If you’re early in the woodworking learning curve, you need to know that amazing cabinetry does not require years of experience.

If you're early in the woodworking learning curve, you need to know that amazing cabinetry does not require years of experience, an arsenal of complicated joinery techniques, or a workshop full of expensive tools. All one really needs is a strong work ethic (building huge built-ins is a big task!), access to some basic tools, and the following "Sawdust Girl Fundamentals."

Do your own cutting

Because large sheet goods and long lumber are cumbersome, difficult to transport, and heavy, it's often tempting to have the lumberyard break down your lumber for you. But unless they are VERY particular about accuracy, trusting your own cuts will save you time in the long run.
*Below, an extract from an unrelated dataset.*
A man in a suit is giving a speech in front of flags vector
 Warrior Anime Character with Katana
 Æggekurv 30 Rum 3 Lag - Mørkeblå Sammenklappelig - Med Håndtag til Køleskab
My "must-have" tools for cutting: a circular saw with a decent rip guide and a mitersaw. That's it! Well-tuned, the mitersaw handles lumber for face frames while a circ saw set up as shown below cuts sheet goods as accurately as a tablesaw for one-tenth the price.

Equipped with a premium, 40-or-more-tooth blade and a saw guide, a circular saw makes a precise, tear-out-free cut.

Choose simple joinery

Dadoes, rabbets, tongue-and-groove, mortise-and-tenon, dowels, biscuits—these joints require precision, equipment, and skills that may overwhelm a beginner. Instead, opt for simple butt joints, securing them with glue and screws [below]. They're plenty strong for most cabinet applications, especially once they're stiffened by face frames and bolstered by neighboring cabinet boxes.

Self-drilling, multi-material screws, such as these from Spax, prevent splitting while eliminating the time-consuming job of drilling pilot holes.

Use a pocket-hole jig to build and attach face frames to the cabinet. Where it's impossible to build a face frame separately and attach it, I fasten it to the cabinet piece by piece with glue and nails.

Keep things square and level

Two places to avoid skimping: squaring and leveling during assembly and installation.

Out-of-square cabinets cause gaps, leaning, and can weaken the units. Make sure each box is perfectly square before moving on. Corner clamps and right-angle braces [below] double as an extra set of hands while squaring the case during assembly.

Build your own right-angle braces, such as this one from woodmagazine.com/brace, to hold large workpieces square during assembly.

Installing your built-ins perfectly level is just as important. Level and plumb your cabinets in every direction. You might have to get "shim-happy" but that's OK! No house is exactly level; there will be imperfections in your floors, walls, and ceiling. So use as many shims as you need.

Once you've built some confidence in these basic skills, you'll be ready to take on an entire houseful of amazing built-ins. Now if you'll excuse me, I have some cabinets to build!